30% nuclear for South Africa
16 February 2007
The Nuclear Energy Corporation of South Africa (Necsa) foresees a huge growth in the country's nuclear capacity to about 27,000 MWe - some 30% of electricity supply - by 2030.
Rob Adam, chief executive of Necsa has said his company expects government to authorise the construction of 24 indigenously-designed Pebble Bed Modular Reactors (PBMRs) of 165 MWe each, as well as 12 full-size reactors of 1000 MWe or more. His comments, made at a conference in Johannesburg, appeared in Business Report.

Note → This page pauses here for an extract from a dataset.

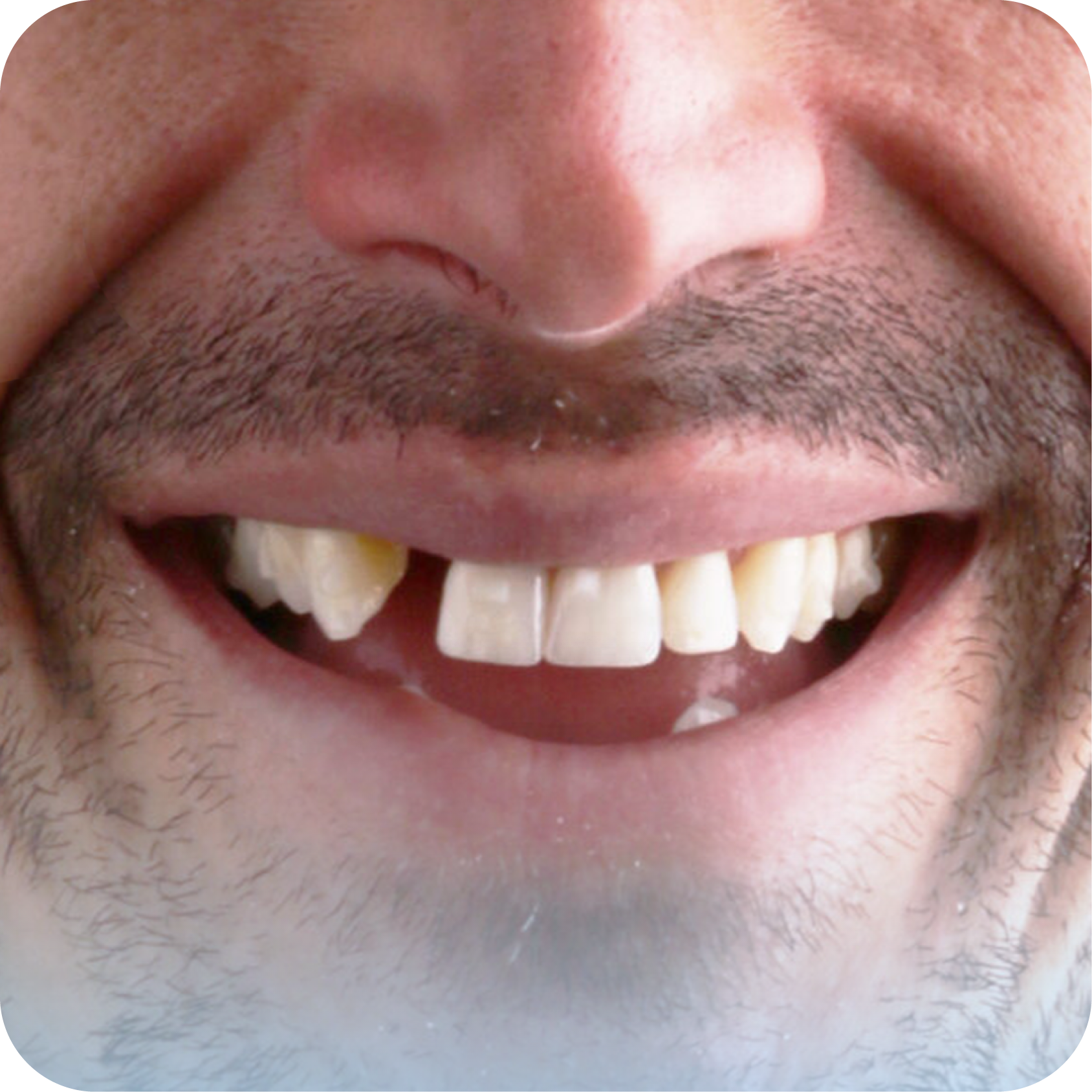 Before image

Necsa is a public company set up in 1999 to promote research and development in nuclear energy, radiation science and technology. The comments follow the recent announcement of the utility Eskom's decision to build a new nuclear plant in South Africa. Eskom already has a two-unit nuclear plant at Koeberg near Cape Town that outputs 1842 MWe.
South Africa faces electricity supply problems because the coal resources that fire 90% of its power are located in the north east of the country, far away from the population centres. Either the heavy coal must be transported, or the electricity transmitted many hundreds of kilometers. When maintenance problems affected the Koeberg nuclear plant last year, rolling blackouts had to be imposed on the Cape Town region in the face of overall shortfalls of up to 4500 MWe.
Adam also called for South Africa to enter the uranium enrichment business: "This is rocket science, but South Africa has done it before," he said, referring to the atomic weapons programme the country abolished in 1995. "We have the people, but if we wait another ten years they will have all retired."
A new nuclear strategy will be presented to the South African cabinet in coming weeks according to presentations cited by Business Report.